DESCRIPTION OF THE TASK ▸ Reproduce the following data exactly, minus any images.

:: EXERCISE INPUT

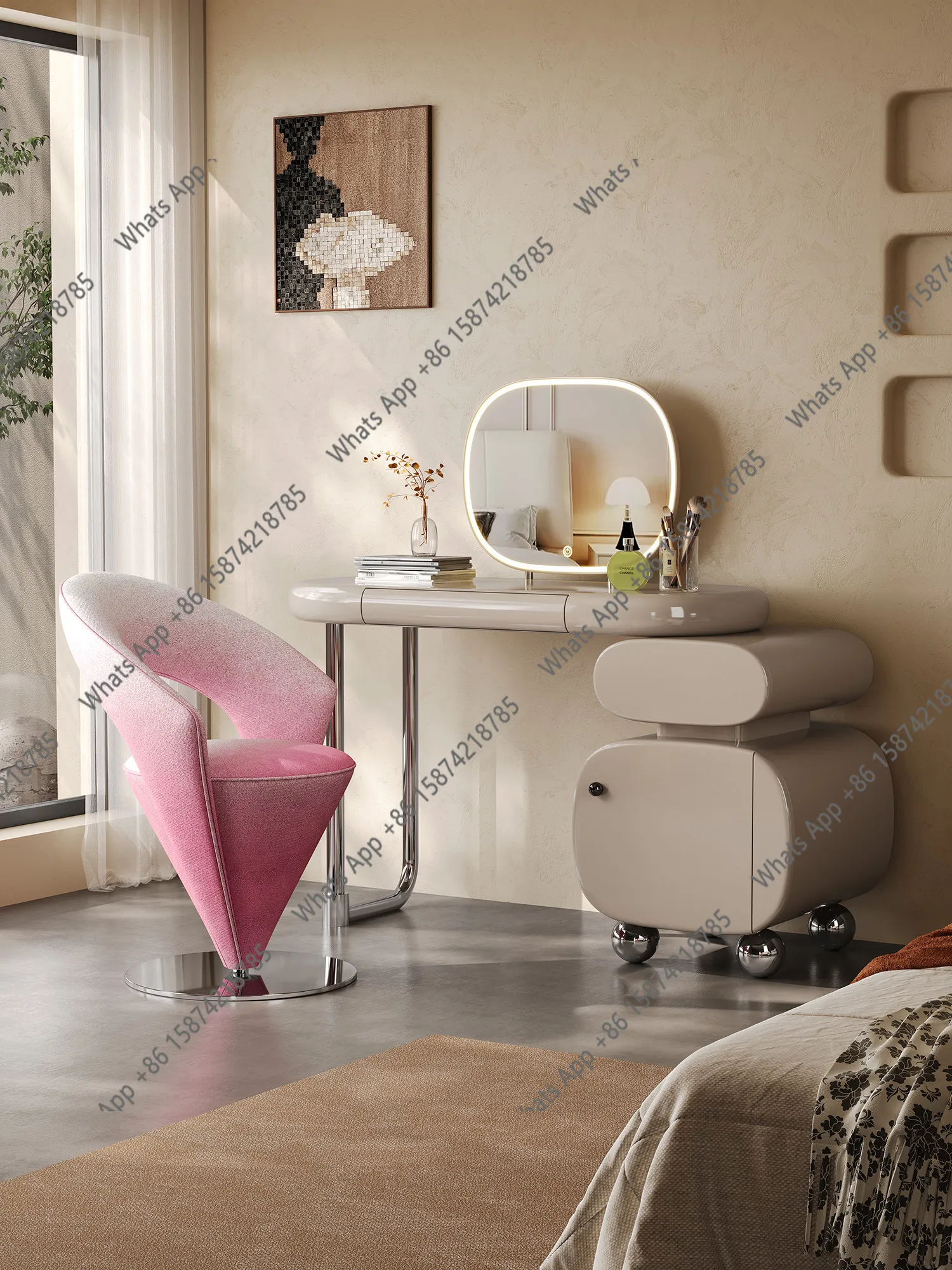New bedroom telescopic dresser storage cabinet integrated small apartment bedside French dressing table
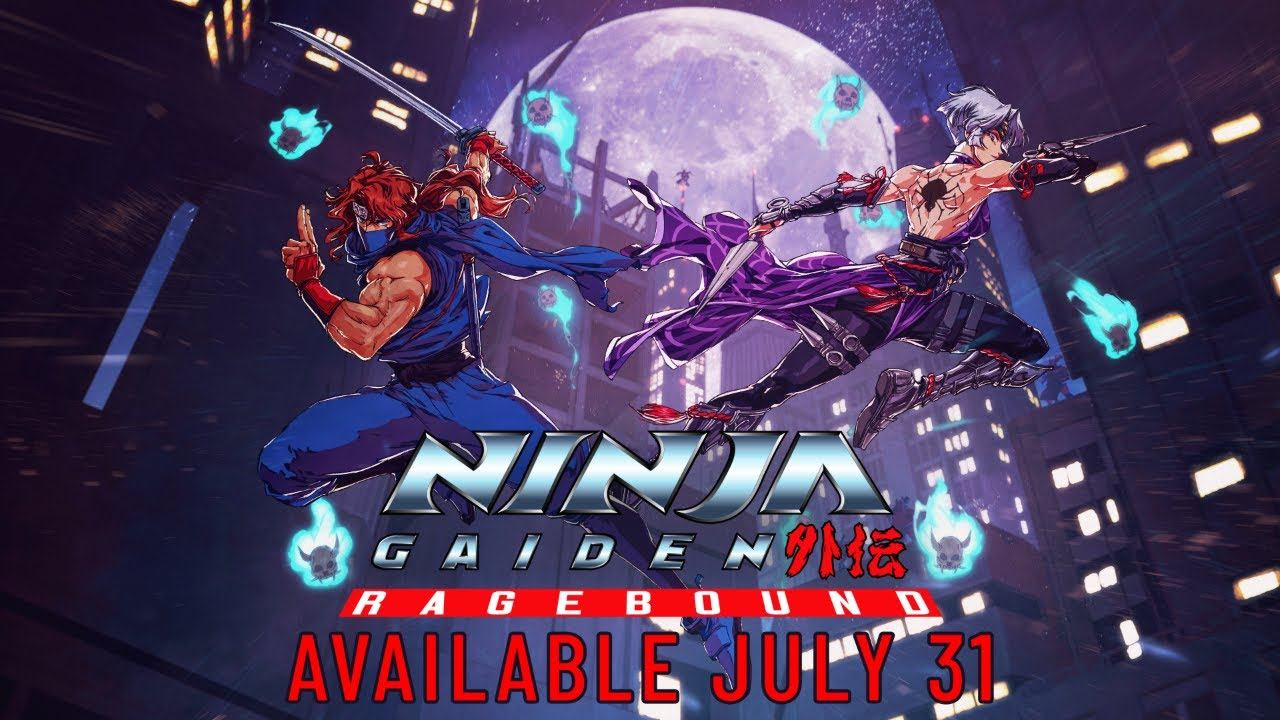 Two ninjas clash mid-air above a neon-lit city. Text reads: "Ninja Gaiden Ragebound. Watch the gameplay trailer now. Available July 31.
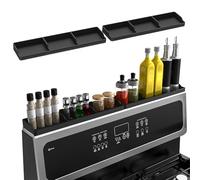 Weiwavivi 30 Inch Silicone Stove Top Shelf Magnetic for Kitchen, Strong Magnetic Heat Resistant Spice Rack Organizer for Over Stove Oven (Black)
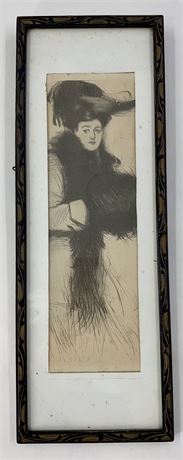 Long 15 1/2” Antique 1905 Warm Sepia Edwardian Beauty Lithograph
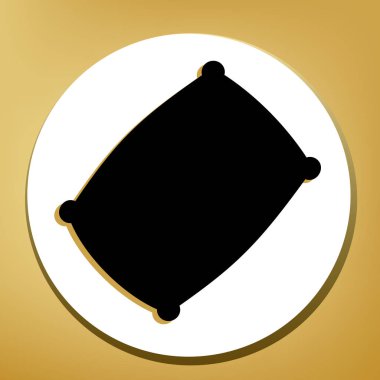 Yastık işareti illüstrasyon. Vektör. Beyaz daire şeklinde yüzük, altın arka plan ile hafif kahverengi gölgeli siyah simgesi.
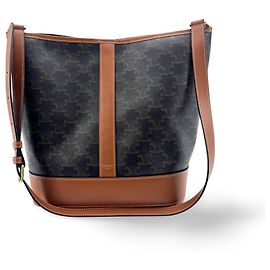 Céline Celine Bucket Triomphe Coated Canvas Small Marron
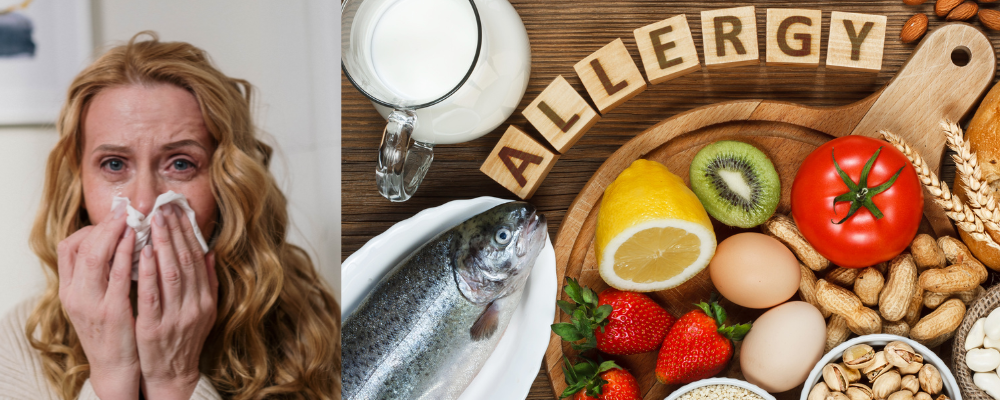 Woman sneezing next to common food allergens including strawberries, nuts, milk, and fish—highlighting symptoms and triggers of strawberry allergy.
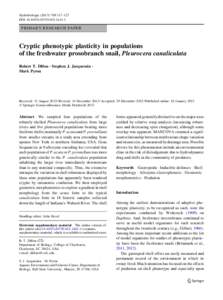 Pleuroceridae / Physidae / Pleurocera / Elimia livescens / Physa / Physella / Phenotypic plasticity / Polymorphism / Genetic variation / Gastropod shell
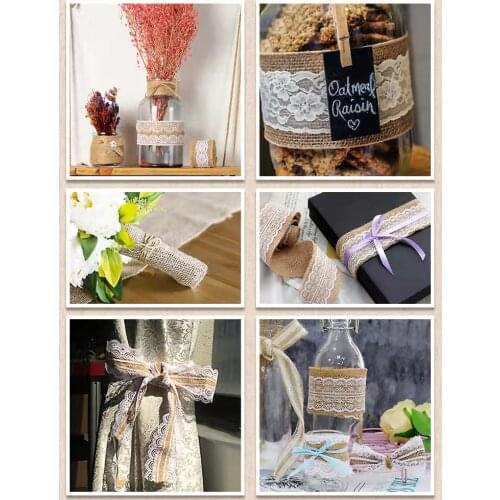 20pcs Lace Napkin Ring Buckle Natural Jute Table Chair Burlap Napkin Ring Wedding Banquet Party Decoration Supplies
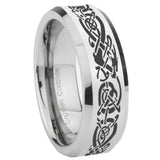 10mm Celtic Knot Dragon Beveled Edges Silver Tungsten Carbide Men's Ring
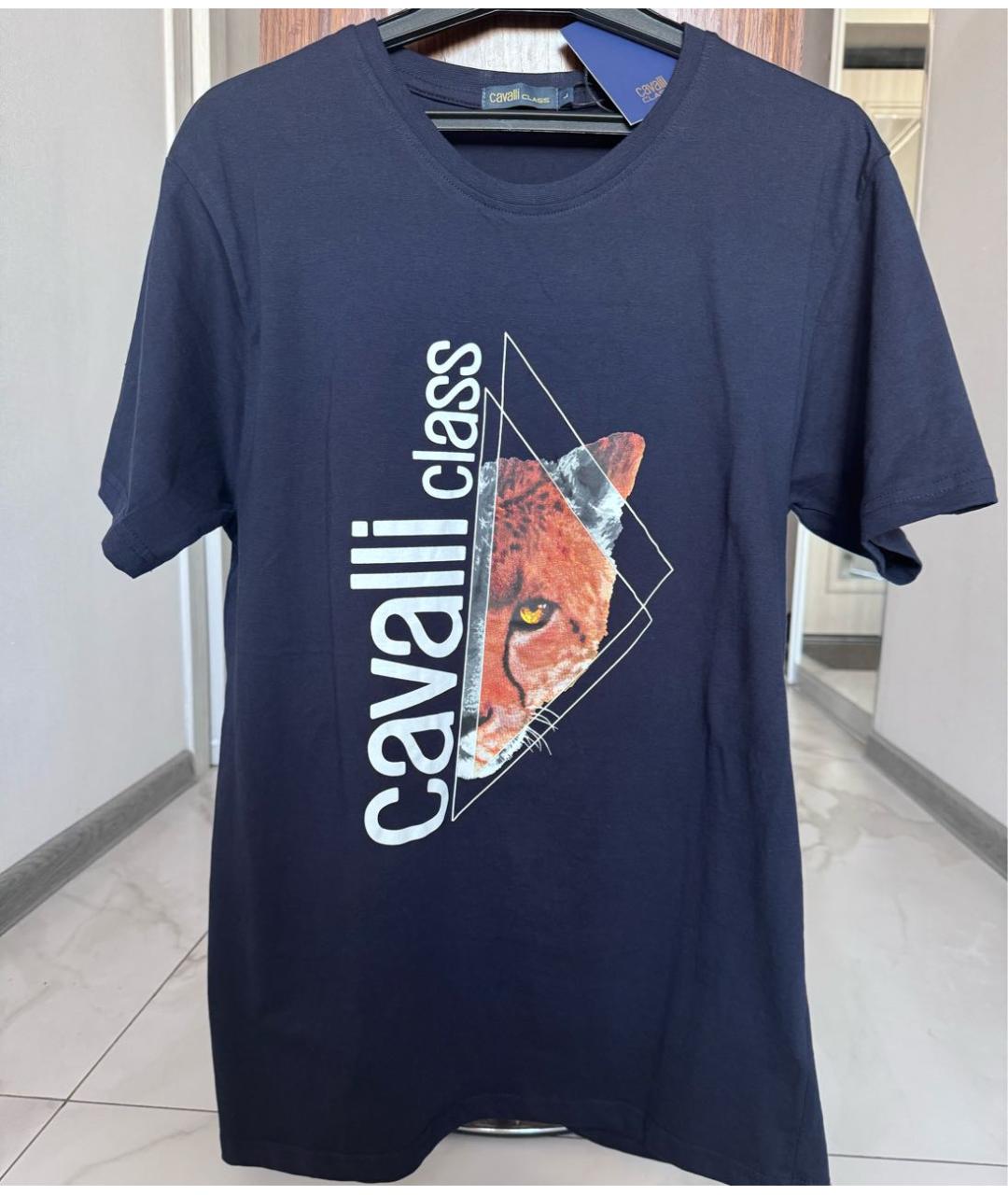 CAVALLI CLASS Темно-синяя хлопковая футболка, фото 2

::::

OUTPUT ▸
New bedroom telescopic dresser storage cabinet integrated small apartment bedside French dressing table
 Two ninjas clash mid-air above a neon-lit city. Text reads: "Ninja Gaiden Ragebound. Watch the gameplay trailer now. Available July 31.
 Weiwavivi 30 Inch Silicone Stove Top Shelf Magnetic for Kitchen, Strong Magnetic Heat Resistant Spice Rack Organizer for Over Stove Oven (Black)
 Long 15 1/2” Antique 1905 Warm Sepia Edwardian Beauty Lithograph
 Yastık işareti illüstrasyon. Vektör. Beyaz daire şeklinde yüzük, altın arka plan ile hafif kahverengi gölgeli siyah simgesi.
 Céline Celine Bucket Triomphe Coated Canvas Small Marron
 Woman sneezing next to common food allergens including strawberries, nuts, milk, and fish—highlighting symptoms and triggers of strawberry allergy.
 Pleuroceridae / Physidae / Pleurocera / Elimia livescens / Physa / Physella / Phenotypic plasticity / Polymorphism / Genetic variation / Gastropod shell
 20pcs Lace Napkin Ring Buckle Natural Jute Table Chair Burlap Napkin Ring Wedding Banquet Party Decoration Supplies
 10mm Celtic Knot Dragon Beveled Edges Silver Tungsten Carbide Men's Ring
 CAVALLI CLASS Темно-синяя хлопковая футболка, фото 2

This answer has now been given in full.